Rasulullah SAW adalah sosok yang paling sering memberikan ciuman dan belaian kepada anak-anak. Pada suatu hari, datang seorang kepala suku mengunjungi Nabi dan melihat beliau sedang mencium cucunya. Dia (kepala suku) mengatakan kepada Nabi SAW, “Saya mempunyai sepuluh orang anak, seorang di antara mereka tidak pernah saya cium”, kemudian Rasulullah SAW menjawab, “Kalau Allah tidak memberimu perasaan kasih sayang, apa yang dapat diperbuat Nya untukmu?”. “Barang siapa yang tidak mempunyai kasih sayang pada orang lain, dia tidak akan mendapatkan kasih sayang dari Allah”.
Dari peristiwa di atas dapat disimpulkan bahwa betapa pentingnya kasih sayang ibu pada anak.
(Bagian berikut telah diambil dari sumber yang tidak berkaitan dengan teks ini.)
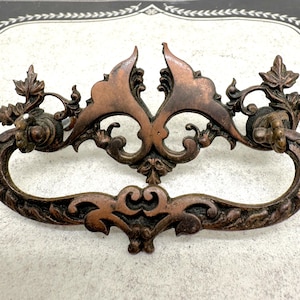 May include: Ornate bronze-colored drawer pull with a curved handle and decorative floral and leaf accents. The pull features a symmetrical design with detailed scrollwork and a vintage aesthetic. The hardware is likely for a cabinet or dresser.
Seorang ibu yang telah mengandung selama sembilan bulan dan melahirkannya, tentulah akan semakin memberikan keindahan hubungan antara keduanya. Akan hilang rahmat Allah SWT dari orang tua khususnya ibu, ketika ia melalaikan sebuah tindakan yang seharusnya menjadi tanggung jawabnya kelak. Tentu bukanlah sebuah hal yang kita inginkan.
Sabda Rasulullah SAW yang lain :
“Perbanyaklah kamu mencium anak cucumu, karena imbalan dari setiap ciuman adalah surga”. (HR. Bukhari)
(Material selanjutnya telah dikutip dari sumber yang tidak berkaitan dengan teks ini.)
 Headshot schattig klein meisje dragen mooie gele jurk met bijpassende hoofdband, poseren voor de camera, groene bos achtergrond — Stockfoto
Indahnya sentuhan ibu sungguh terasa mahal di abad yang penuh dengan tuntutan baginya. Tiap waktu dan kesempatan yang seharusnya didapatkan anak serasa sebuah benda teramat mahal yang sulit dibeli, bahkan untuk dimiliki. Sungguh, beruntunglah bagi ibu yang selalu tersedia sentuhan sayang bagi anaknya karena Allah sudah menjaminkannya surga. Tidakkah kita ingin meraih sebuah pahala yang diimpikan oleh setiap manuasia?
Karenanya kita mendapatkan sebuah undangan khusus dari Allah SWT, yang bagi orang lain mungkin teramat sulit dan berat untuk mendapatkannya. Sebuah kesempatan yang tidak boleh disia-siakan begitu saja bagi seorang ibu.
Sudahkah ibu peluk dan cium ananda hari ini? Jika belum, bergegaslah, jangan tunda lagi dan bersiaplah mendapat undangan khusus memasuki jannah-Nya.